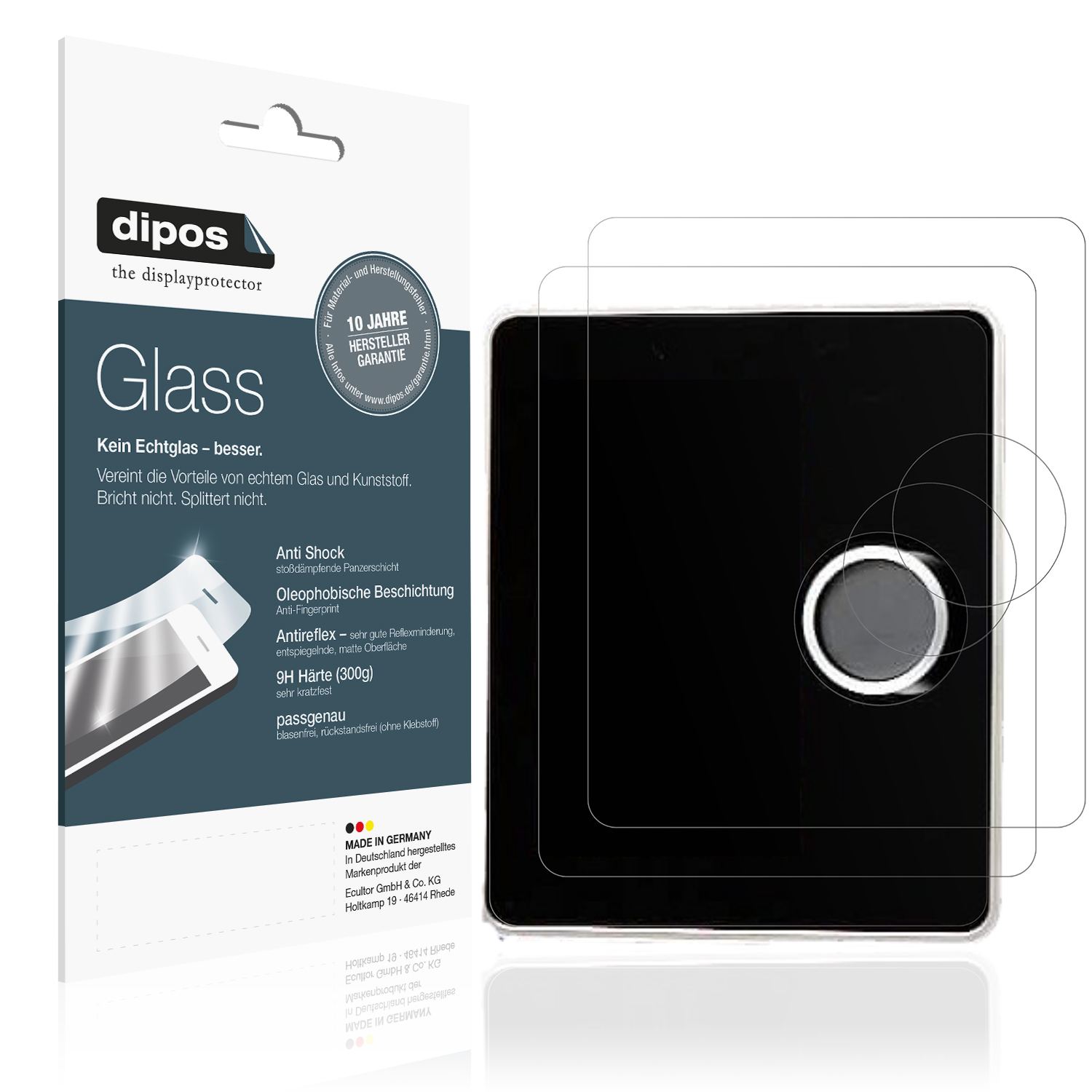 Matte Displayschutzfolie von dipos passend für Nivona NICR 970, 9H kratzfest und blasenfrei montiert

====

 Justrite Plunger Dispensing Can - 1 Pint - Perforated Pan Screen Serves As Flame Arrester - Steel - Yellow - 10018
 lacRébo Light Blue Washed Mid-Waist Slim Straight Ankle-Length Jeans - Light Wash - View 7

====

Could you restate word for word the lines above, from the one that contains "Justrite Plunger Dispensing" through the one that contains "lacRébo Light Blue", and no others?

 Justrite Plunger Dispensing Can - 1 Pint - Perforated Pan Screen Serves As Flame Arrester - Steel - Yellow - 10018
 lacRébo Light Blue Washed Mid-Waist Slim Straight Ankle-Length Jeans - Light Wash - View 7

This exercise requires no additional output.